Zunayed Ali Morsalin Home

Merge sorted files

Tags: heaps

Let’s say we want to write a program that takes a input of sorted sequences and computes the union of these sequences as a sorted sequence. For example for input [(3,5,7), (0,6), (0,6,28)]:

The output would be [0,0,3,5,6,6,7,28]

A brute force solution would involved combining all the sub lists and running a o(nlogn) sorting algorithm assuming n items. One thing we can do is utilize the fact that all these sub lists are sorted. If we maintain a min heap to keep the smallest number seen we can pop off the smallest element to populate the final list as we parse the sub lists

So let’s first seed our min heap with the first elements of each sub lists to get an initial sorting.

Initial min heap

Now that we have some initial values we can also make the assumption that the min from this heap is the smallest possible number since all the sub lists are sorted. We can keep adding to our heap and keep popping until we have exhausted all numbers.

process

So we keep removing and adding things to the heap until we have exhausted all the elements from the sequences.

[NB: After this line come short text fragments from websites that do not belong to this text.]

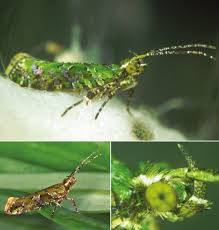 Attēlu rezultāti vaicājumam “Glyphipterigidae”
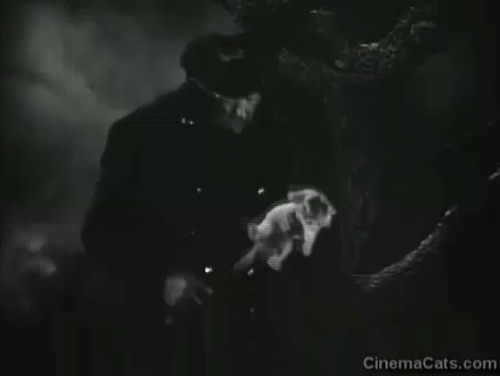 The Captain is a Lady - Captain Abe Peabody Charles Coburn placing calico kitten in his coat as it starts to rain animated gif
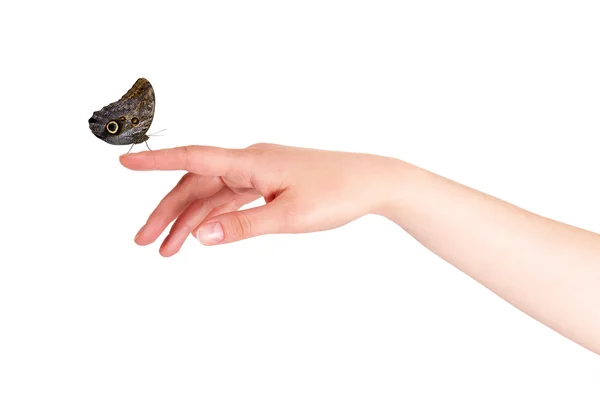Schmetterling auf der Hand der Frau. in Bewegung — Stockfoto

One cool python tool is the use of iterators. We can use them to manage combining lists of different sizes and not have to add guards for index errors.

i1 = iter([1,2,4])
i2 = iter([3,47])
i3 = iter([])

for it in [i1, i2, i3]:
    element = next(it, None)
    if element:
        print(element)


# 1, 3

So putting it all together the code will look like this:

import heapq

def merged_sorted_arrays(sorted_arrays)
    heap = []
    array_iterators = [iter(x) for x in sorted_arrays)]

    for index, it in enumerate(array_iterators):
        element = next(it, None)
        if element:
            heapq.heappush(heap, (element, i))

    result = []
    while heap:
        smallest_item_in_heap, array_index = heapq.heappop(heap)
        result.append(smallest_item_in_heap)

        next_item_to_add_to_heap = next(array_iterators[array_index], None)

        if next_item_to_add_to_heap:
            heapq.heappush(heap, (next_item_to_add_to_heap, array_index)]

    return result